- **Assignment**
An exact copy of all the data, minus the images, is required.

[Saved entries]
- - - - - - -

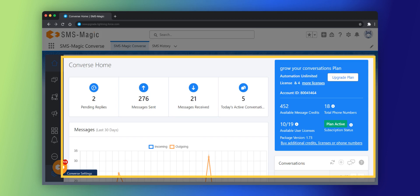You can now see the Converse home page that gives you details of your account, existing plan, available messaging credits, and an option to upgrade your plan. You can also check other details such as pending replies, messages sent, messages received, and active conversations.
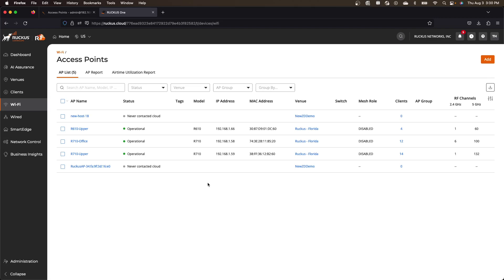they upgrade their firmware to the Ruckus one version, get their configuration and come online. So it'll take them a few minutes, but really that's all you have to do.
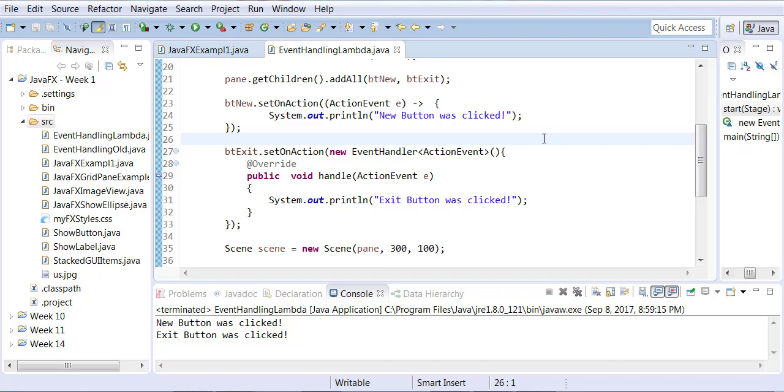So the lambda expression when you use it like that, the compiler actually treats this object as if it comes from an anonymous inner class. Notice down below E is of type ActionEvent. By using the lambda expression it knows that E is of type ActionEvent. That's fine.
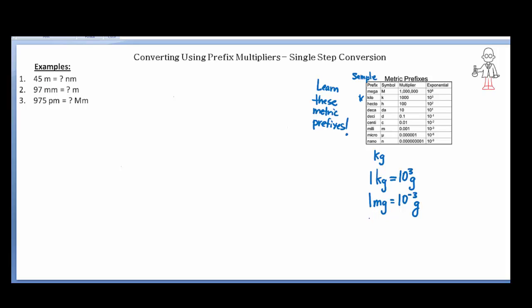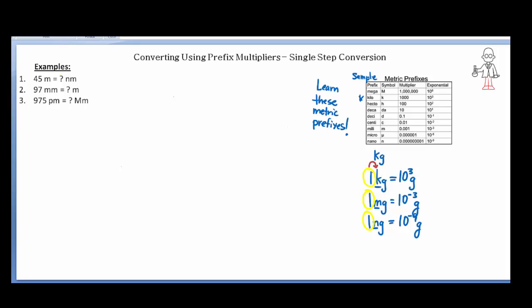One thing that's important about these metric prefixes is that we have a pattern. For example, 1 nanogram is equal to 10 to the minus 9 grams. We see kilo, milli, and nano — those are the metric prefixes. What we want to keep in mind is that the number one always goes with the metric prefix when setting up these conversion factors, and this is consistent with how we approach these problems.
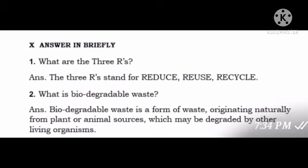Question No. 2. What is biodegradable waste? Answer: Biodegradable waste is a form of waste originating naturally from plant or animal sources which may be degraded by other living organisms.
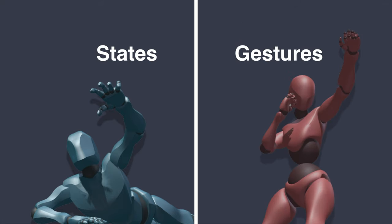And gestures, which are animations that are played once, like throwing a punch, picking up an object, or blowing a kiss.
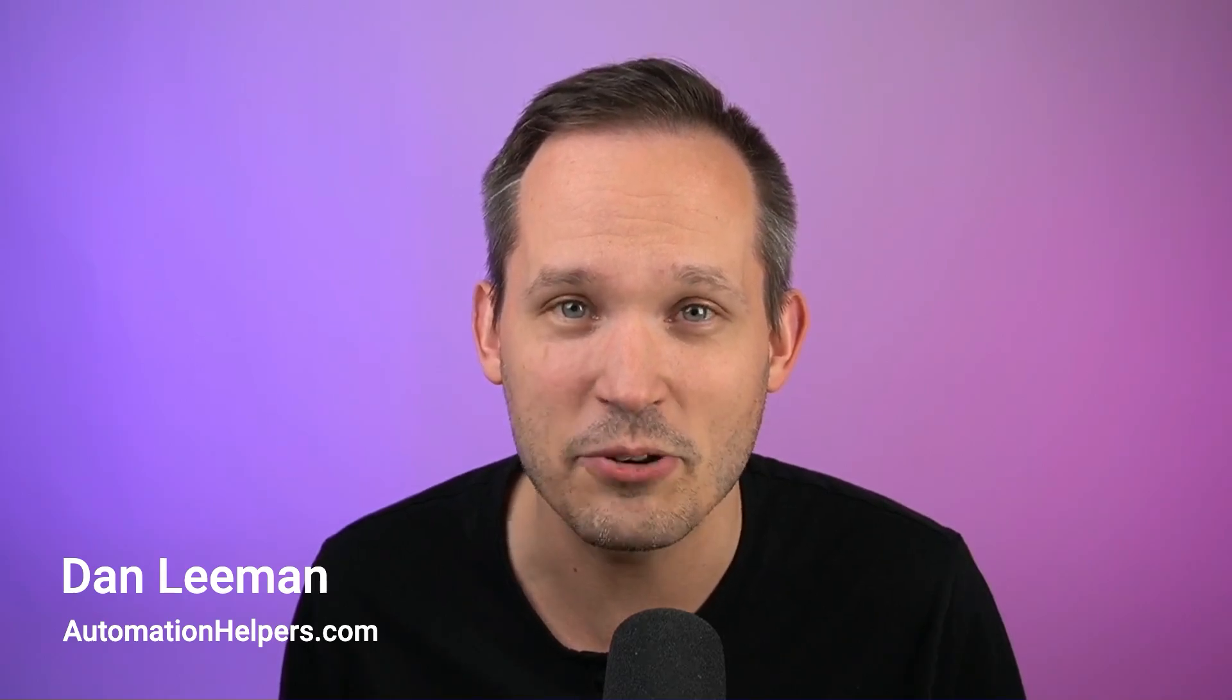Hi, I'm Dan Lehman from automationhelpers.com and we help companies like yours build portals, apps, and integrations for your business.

- - - - - - -

- **Problem solution**
You can now see the Converse home page that gives you details of your account, existing plan, available messaging credits, and an option to upgrade your plan. You can also check other details such as pending replies, messages sent, messages received, and active conversations.
they upgrade their firmware to the Ruckus one version, get their configuration and come online. So it'll take them a few minutes, but really that's all you have to do.
So the lambda expression when you use it like that, the compiler actually treats this object as if it comes from an anonymous inner class. Notice down below E is of type ActionEvent. By using the lambda expression it knows that E is of type ActionEvent. That's fine.
One thing that's important about these metric prefixes is that we have a pattern. For example, 1 nanogram is equal to 10 to the minus 9 grams. We see kilo, milli, and nano — those are the metric prefixes. What we want to keep in mind is that the number one always goes with the metric prefix when setting up these conversion factors, and this is consistent with how we approach these problems.
Question No. 2. What is biodegradable waste? Answer: Biodegradable waste is a form of waste originating naturally from plant or animal sources which may be degraded by other living organisms.
And gestures, which are animations that are played once, like throwing a punch, picking up an object, or blowing a kiss.
Hi, I'm Dan Lehman from automationhelpers.com and we help companies like yours build portals, apps, and integrations for your business.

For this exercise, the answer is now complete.